Lehrermangel – Kreisverband der GEW Kleve und Elternvertreter schließen sich zusammen

Nun sollte man meinen, dass in einem sehr ländlich geprägten Kreis wie Kleve die Welt noch in Ordnung ist – doch nicht nur in arbeitsmarktpolitischer Hinsicht sondern auch in Bezug auf die Bildungssituation ist im Kreis Kleve enormer Handlungsbedarf.

Der Kreis Kleve ist einer der mit Lehrerstellen am schlechtesten besetzten Kreise in ganz NRW und bildet im Familienatlas 2007 bezogen auf das Kriterium Bildung und Ausbildung das absolute Schlusslicht von 439 Städten und Kreisen.  

Die Kreis Klever Elternschaft macht mobil.
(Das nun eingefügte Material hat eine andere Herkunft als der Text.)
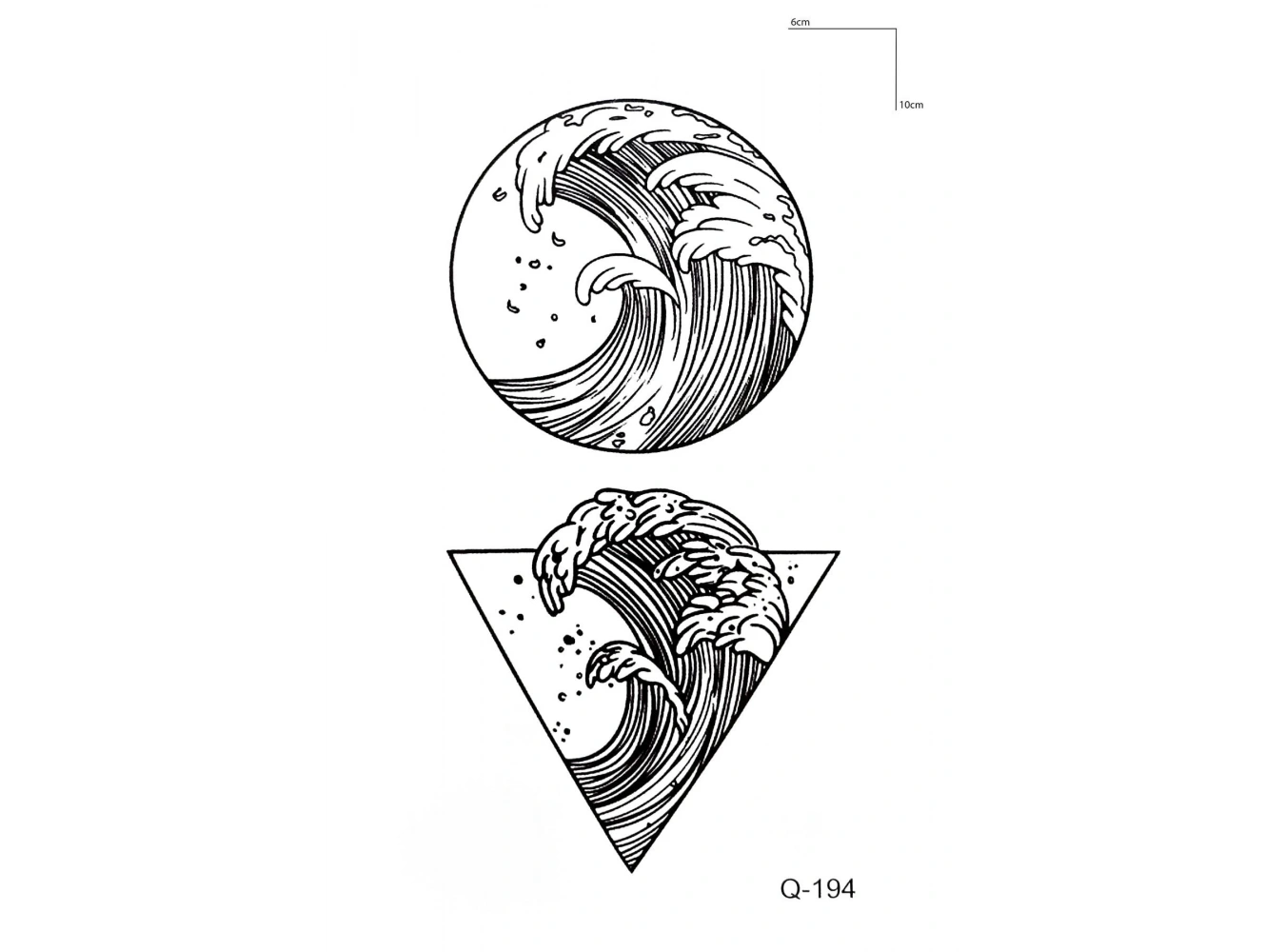 Deniz Dalgası Mini Geçici Dövme Tattoo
Aufgerüttelt durch die Streichung von in Aussicht gestellten Lehrerstellen im Dezember letzten Jahres durch die Bezirksregierung, startete Stefan Terlinden, Schulpflegschaftsvorsitzender der St. Adelheid Grundschule in Geldern (Südkreis) eine Protestaktion, die sich an die derzeitige Landesregierung in Düsseldorf wendet und „gegen die Streichung von Lehrereinstellungen und Bedenken an der Fähigkeit einen klaren Blick für Bildung und Investition in die Zukunft zu haben und im Wohle unserer Kinder zu entscheiden.“ Bisher hat er über 3500 Unterschriften gesammelt. Im Vorfeld hatte er versucht, Auskunft bei der Bezirksregierung Düsseldorf über die Stellenstreichungen zu bekommen – ohne Erfolg.
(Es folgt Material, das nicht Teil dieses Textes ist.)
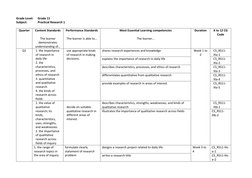 EAPP Curriculum Guide for Grades 11-12 | PDF | Data | Hypothesis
Der Kreisverband der GEW Kleve lädt die Landtagsabgeordneten zum runden Tisch

Im November 2009, kurz nach bekannt werden der Stellenstreichungen, schrieb der Vorsitzende des GEW Kreisverbandes Walter Seefluth einen offenen Brief an die Landtagsabgeordneten des Kreises Kleve, um auf die schlechte Stellenbesetzung an den Grund- und Hauptschulen aufmerksam zu machen und die extremen Konsequenzen für den Kreis Kleve detailliert aufzuzeigen, die durch die fehlenden Lehrereinstellungen entstehen.
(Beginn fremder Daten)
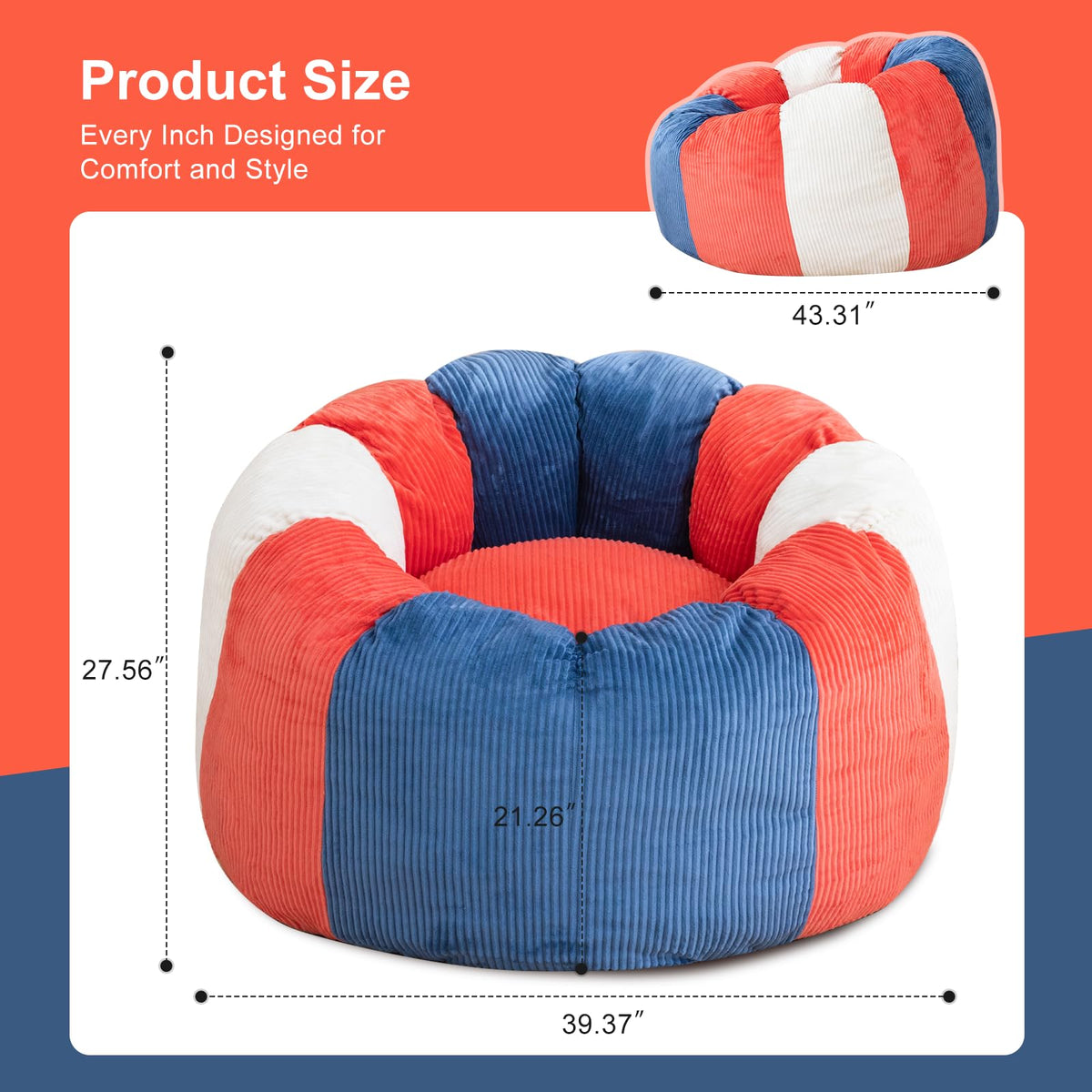 Shredded Foam Bean Bag Chair with Arms Q539733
Bei schulscharfen Ausschreibungen stellt sich immer wieder heraus, dass der Kreis Kleve für junge Kolleginnen und Kollegen aufgrund seiner Randlage und dörflichen Struktur nicht besonders attraktiv ist. Umso enttäuschender und gravierender die Meldung die kurz vor dem Ende der Ausbildung stehenden jungen Lehrkräfte nicht längerfristig an ihre Ausbildungsschulen binden zu können. Die Abwanderung der jungen Kolleginnen und Kollegen nicht nur aus dem Kreis Kleve, sondern auch aus dem Land NRW in andere Bundesländer hat weitreichende Folgen und wird uns in den kommenden Jahren durch die demografische Entwicklung teuer zu stehen kommen.

Im Januar 2010 lud der Kreisverband Vertreter der Politik, des Schulamtes und der Bezirksregierung Düsseldorf sowie Schulleiter der Grund- , Förder- und Hauptschulen ein, gemeinsam an einem „runden Tisch“ über die Situation an den Schulen zu diskutieren.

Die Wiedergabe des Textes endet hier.